В эти страшные для него и для всех домашних дни несчастный не вставал с постели, не принимал пищи и стекловидными глазами глядел в одну точку.

Иногда ночью он вдруг в одном белье, несмотря на время года, уходил из дому и его находили почти без чувств на могиле его жены и препровождали домой.

Так прошло более года.

Из Москвы пришло известие о смерти любимой старшей сестры Павла Семеновича, Екатерины Семеновны, вдовы генерал-майора Похвиснева, — тело покойной должны были привезти в Оленино и похоронить в фамильном склепе.

Эта смерть сестры еще более усугубила гнетущее настроение духа Павла Семеновича.

Могилу для покойной приготовили рядом с могилой Ольги Сергеевны.

Больной психически, Оленин вообразил, что покойная жена его святая.

В то время, когда могила для Екатерины Семеновны была готова, а вместе с ней был открыт и склеп, где была похоронена Ольга Сергеевна, Павел Семенович выбрал время, когда близ церкви никого не было, спустился в открытый склеп, приподнял крышку заветного гроба и заглянул в него.

Он был уверен найти тело нетленным, но что он нашел, он не сказал никому.
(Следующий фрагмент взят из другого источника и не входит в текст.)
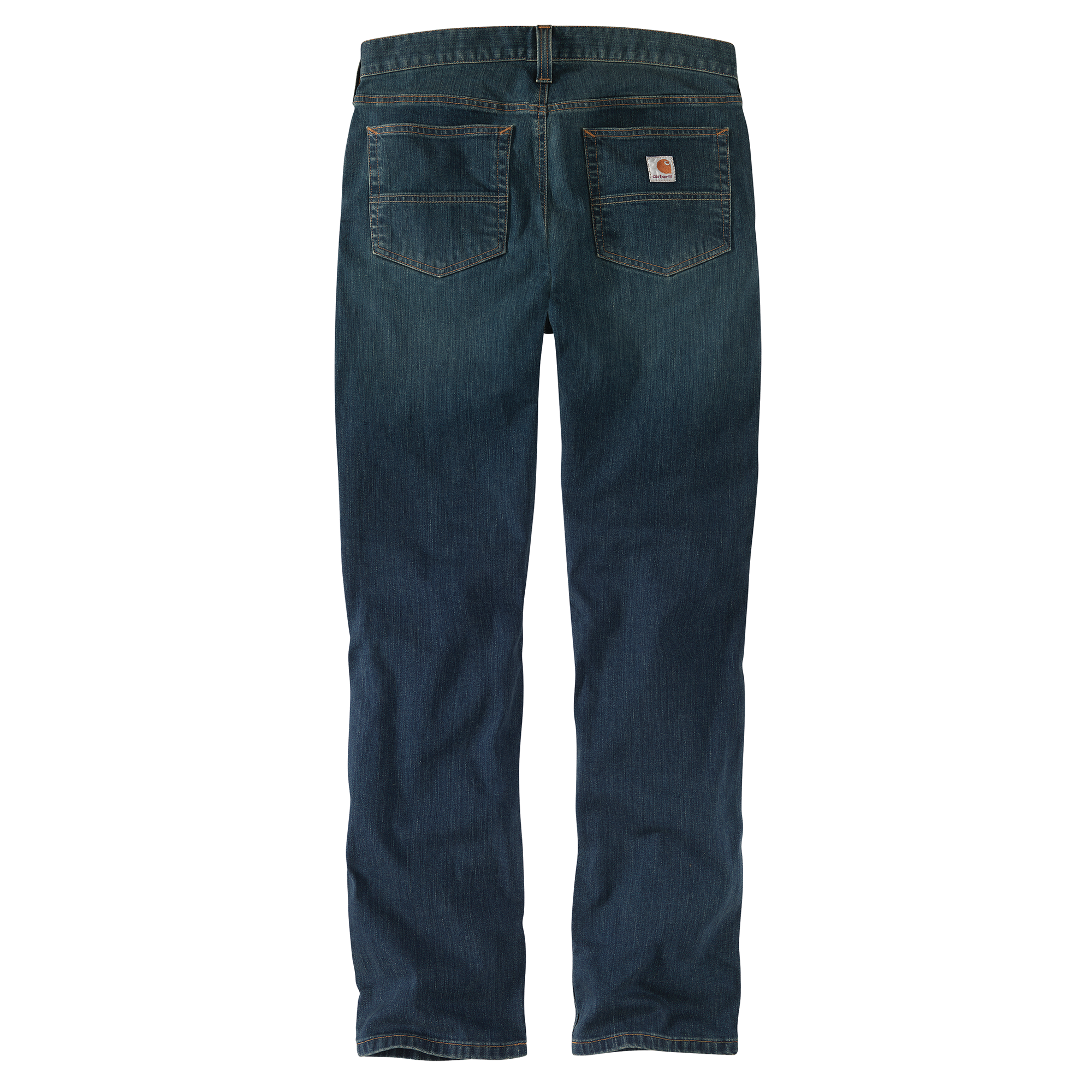 Picture of Carhartt 104960 Mens Rugged Flex® Relaxed Fit Low Rise 5-Pocket Tapered Jean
Эту тайну он, впрочем, унес вскоре в могилу.

На другой день после похорон его сестры Павел Семенович застрелился.

Витя остался круглым сиротою.

Приехавший на похороны брат мужа Екатерины Семеновны Похвисневой, занимавший в Москве одно из видных административных мест, принял после похорон несчастного самоубийцы опекунство над сыном Павла Семеновича и увез его, вместе с мамкой, которая осталась при ребенке, уже отнятого от груди, в качестве няни, в Москву.

Таково было раннее детство Виктора Павловича Оленина, о котором он сохранил лишь смутные воспоминания.

Сознательная жизнь началась для него в Москве, в доме Похвисневых.

Семейство последних состояло из старика-отца и старухи-матери, двух сестер и сына — опекуна Виктора Павловича — Сергея Сергеевича Похвиснева.

Старики, Сергей Платонович и Марья Николаевна, жили на покое, а две сестры, Пелагея и Евдокия Сергеевны или, как их звали в семье, Поли и Додо были перезрелые девицы, считавшиеся, впрочем, в московском обществе на линии невест.

Их брат управлял в Москве учреждением, где много было чиновников-женихов, жаждавших породниться с начальством, да и у стариков Пахвисневых был изрядный капиталец, который предназначался к дележу между Поли и Додо.

Последние, впрочем, были разборчивы и «сидели в девках», как не мелодично говорил о них отец.

Белокаменные двухэтажные палаты Похвисневых находились на Воздвиженке.

Дух аристократизма, а по-тогдашнему — барства высшего круга, веял над этим семейством. Блестящее, по тогдашнему времени, воспитание, знание французкого языка, напудренные головы, фижмы — все резко отличало семейство Похвисневых даже среди других аристократических семейств первопрестольной столицы.